SANGUE – Pippo Delbono
L’Aquila, distrutta dal terremoto, silenziosa e vuota, dimenticata dallo stato. Questo è l’incipit (discutibile) di Sangue, un viaggio in auto con Giovanni Senzani, uno strano incontro tra due persone così diverse, accomunate dai sentimenti provati l’uno verso la mamma, l’altro verso la moglie.
Giovanni Senzani, coinvolto nelle B.R., è un personaggio schietto, cinico, che con naturalezza risponde alle domande più o meno intime del compagno di viaggio. I due hanno in comune più di quanto il regista potesse immaginare all’inizio del documentario, infatti, partita l’idea di un docufilm sulla vita di Sanzani, le donne più importanti per la vita di entrambi i protagonisti vengono a mancare. Difficile per il regista tener fuori dal suo documento un tale dolore, tanto più se si tiene conto che spesso Pippo Delbono ha fatto della propria vita parte primaria delle opere stesse. Senzani ha perso la moglie, una donna forte, che respingeva le idee del marito, profondamente cattolica, non ne condivideva le ideologie ma che, nonostante 23 ani di prigionia, non ha mai abbandonato il consorte. Dall’altro lato c’è Delbono che, in una sconcertante contemporaneità, perde la madre.

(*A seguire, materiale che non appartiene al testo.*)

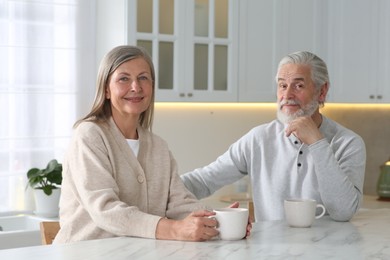 Photo of Affectionate senior couple with cups of drink at white marble table in kitchen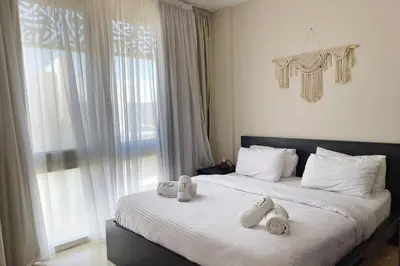 a bedroom with two beds with towels on them at Minimal & Mere 1 BDR Mangroovy Free Beach & Pool in Hurghada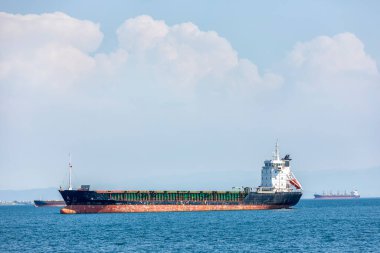 View of the cargo ship and transport for cargo (goods) with blue mediterranean sea and cloudy sky.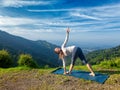 Woman doing Ashtanga Vinyasa yoga asana Parivrtta trikonasana Royalty Free Stock Photo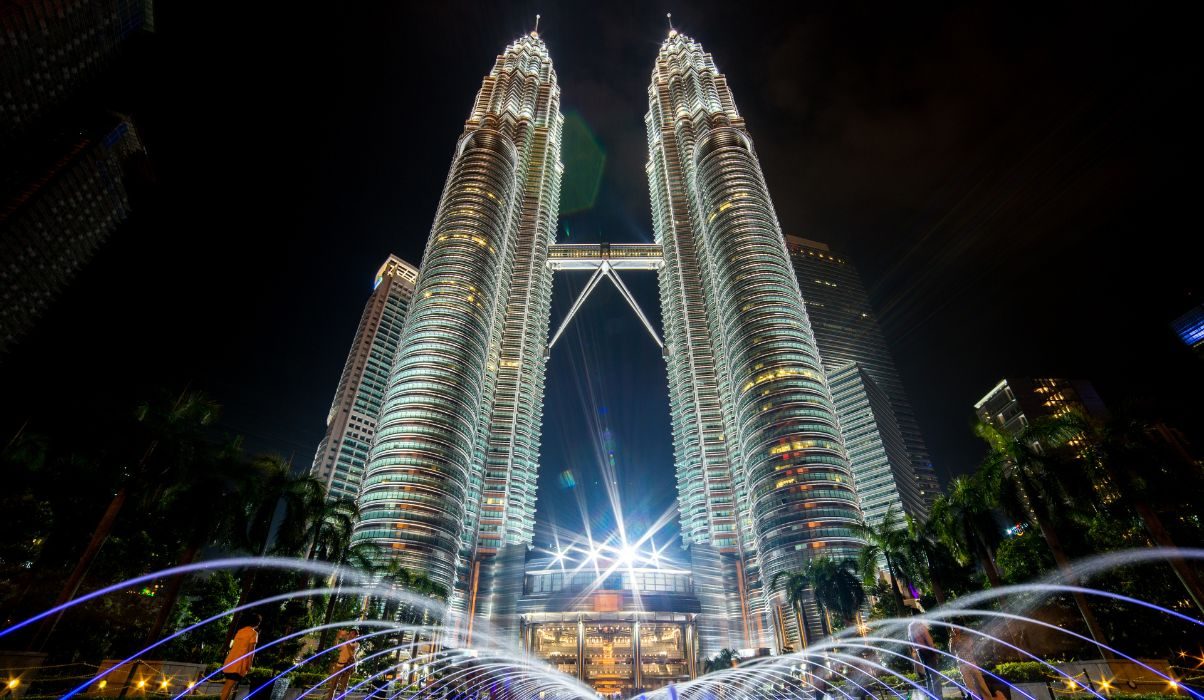 The Petronas Twin Towers in Kuala Lumpur at night with illuminated fountains in the foreground.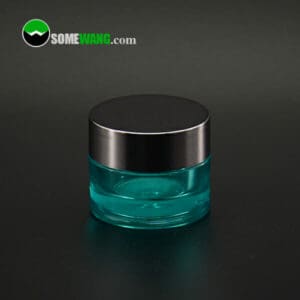 A teal SWC-JBG7A cream jar with a silver lid on a dark background.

I dialoghi si susseguono, vediamo la stessa madre nei giorni subito precedenti alla dipartita, uno stralcio di vita infinito, per il regista eterno. Sangue è un docufilm controverso, che ha destato non poche polemiche per la presenza del brigatista ma che, guardato nella giusta prospettiva, si fonde con un episodio della vita del regista, col suo dolore, con la sua solitudine. Delbono stesso, infatti, afferma di aver portato a termine il film inserendo la morte della madre per poterla in un certo senso guardare, accettarla, per poter superare il dolore, per poter in qualche modo risanare un’anima colpita.
Sangue risulta essere un film delicato ma pesante, girato con tutte le limitatezze di un telefonino, così come nello stile di Delbono, Nonostante la gravità dei temi, è difficile non superare il mio cinismo e non storcere il naso. È vero che ognuno vive il dolore in modo personale, ma la natura intima e intimistica di questo lunghissimo film non può che risultare snervante. Altro elemento urticante è la presenza del centro sventrato della città, L’Aquila, eretta a simbolo: orfana del suo stato come orfano è il regista. Città che appartiene a Delbono come a qualsiasi italiano, L’Aquila viene qui identificata con la morte della madre, raggiungendo un paragone fuori luogo e poco rispettoso per chi ha perso la vita in giovane età tra le macerie, per esempio, rispetto a chi è morto in età avanzata nella tranquillità della propria casa. Non a caso sono piovute in testa a Delbono accuse di mercimonio.